(Supplied entries Opens)
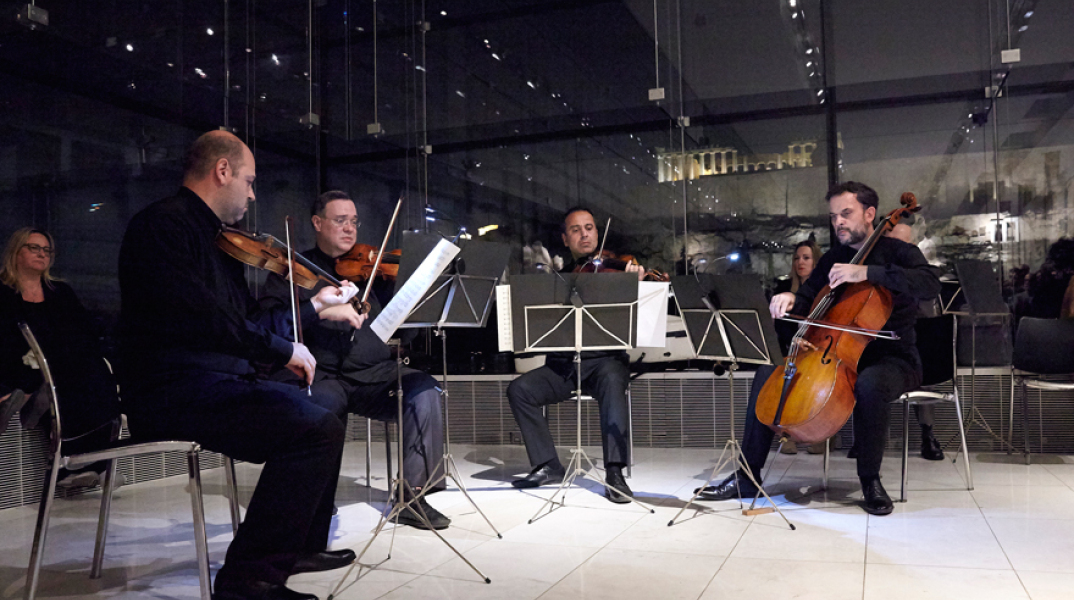 Το Κουαρτέτο Εγχόρδων Αθηνών στην Αίθουσα του Παρθενώνα © Μουσείο Ακρόπολης / Γιώργος Βιτσαρόπουλος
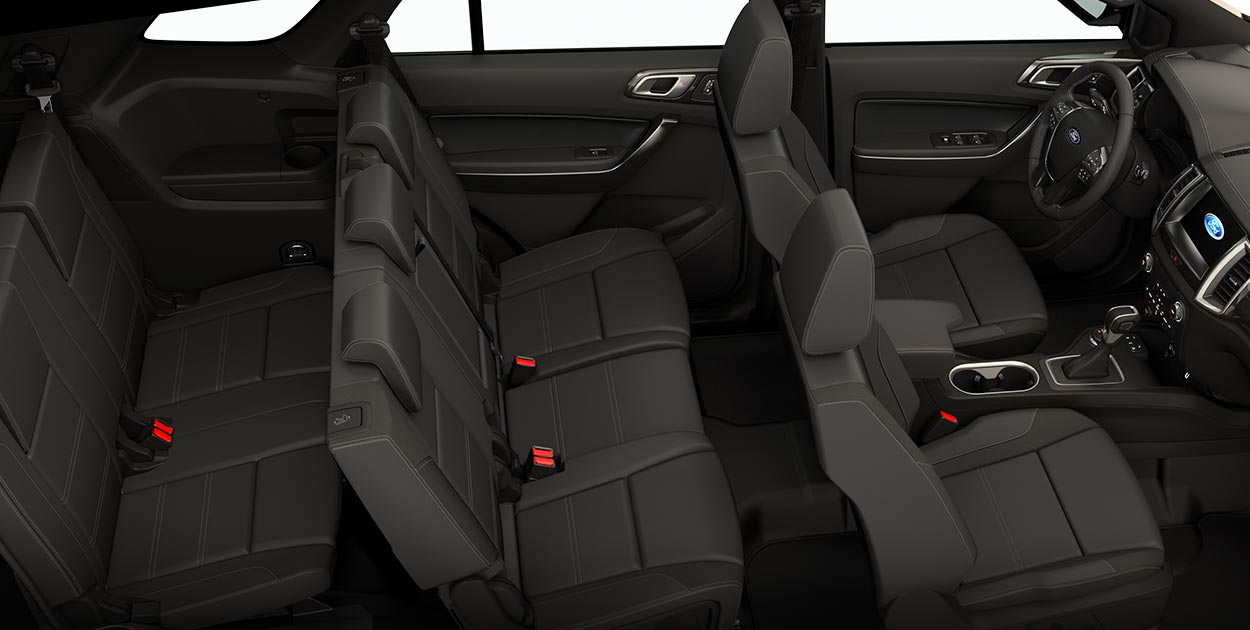 Ford Everest 2025 không gian xe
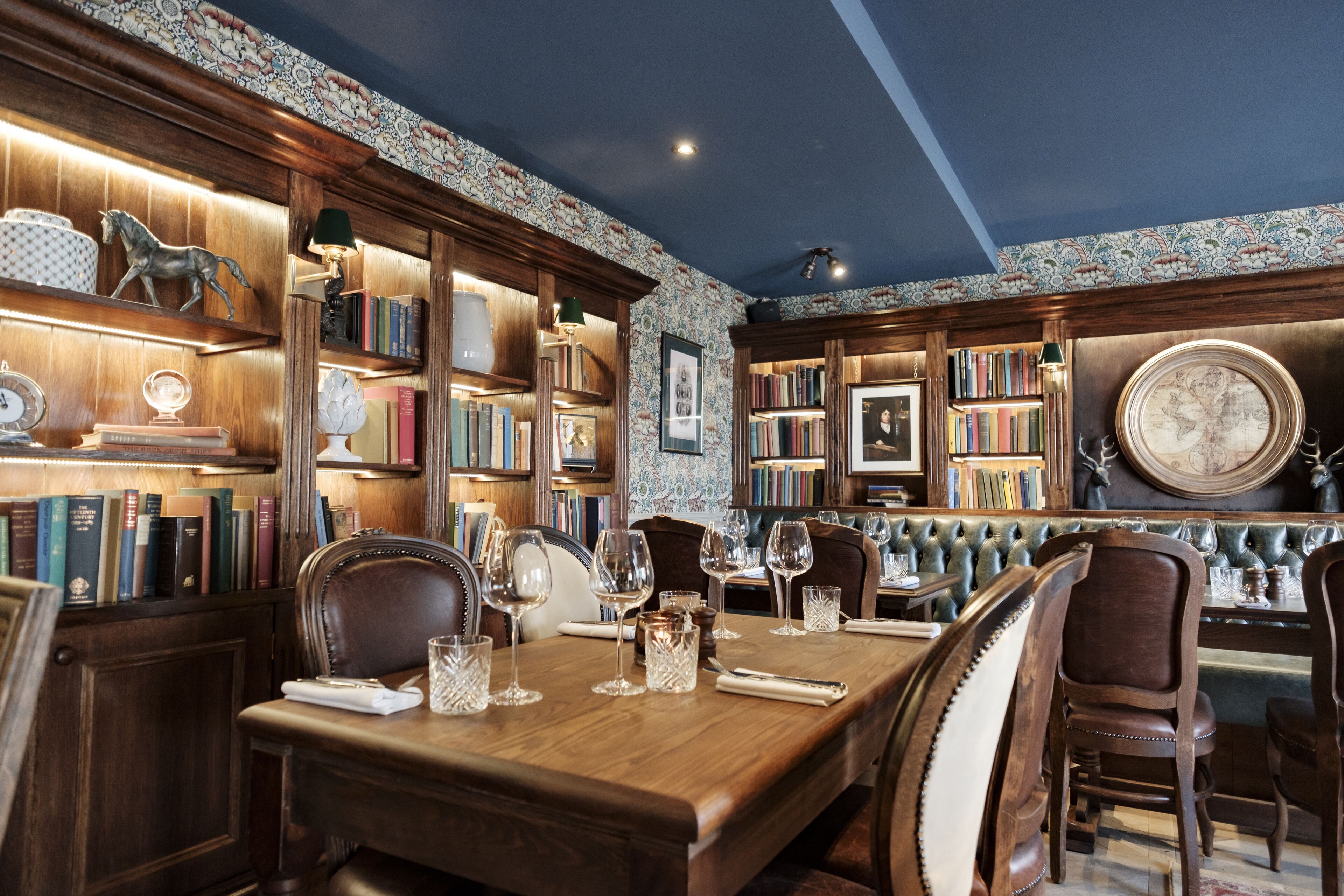 breakfast, lunch, dinner served; british cuisine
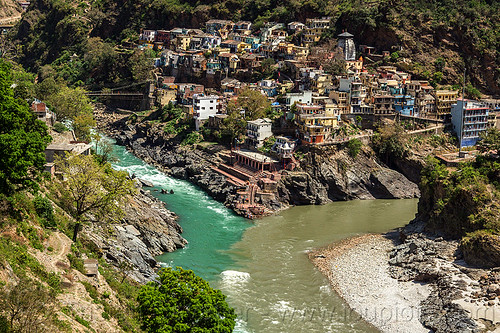 devprayag sangam - confluence of the alaknanda and bhagirathi rivers into the ganges river (india), alaknanda and bhagirathi sangam, alaknanda river, bhagirathi river, confluence, devprayag sangam, ganga, ganges river, ghats, river bed, village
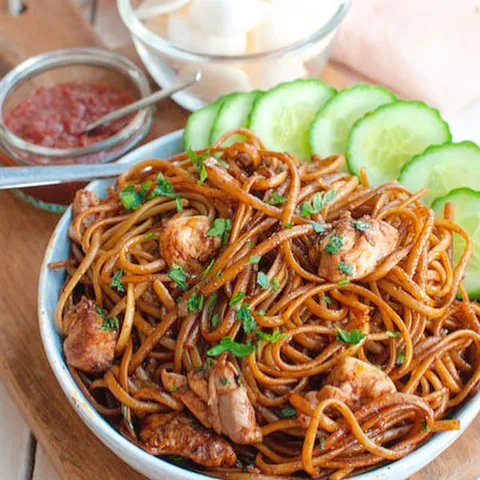 Bami met barbecue kip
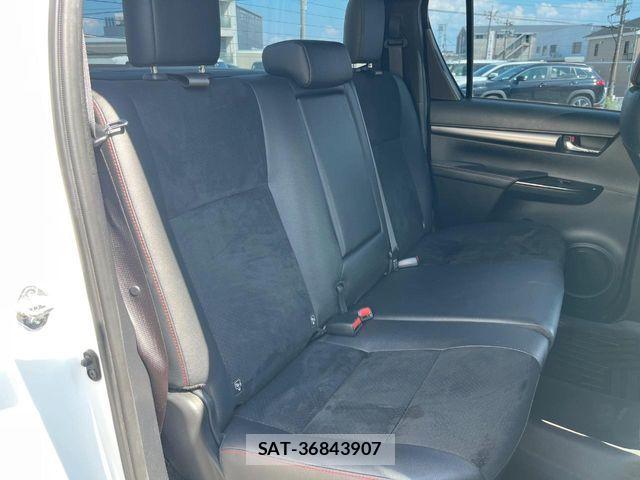 Toyota HILUX 2022-07 8366231-13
(Supplied entries Closes)
▸ Aim of the exercise: Please give again, word for word, the lines from the one containing "breakfast, lunch, dinner" through the last line of the listing above, inclusive, and leave out pictures.

▸ Output of the task:
 breakfast, lunch, dinner served; british cuisine
 devprayag sangam - confluence of the alaknanda and bhagirathi rivers into the ganges river (india), alaknanda and bhagirathi sangam, alaknanda river, bhagirathi river, confluence, devprayag sangam, ganga, ganges river, ghats, river bed, village
 Bami met barbecue kip
 Toyota HILUX 2022-07 8366231-13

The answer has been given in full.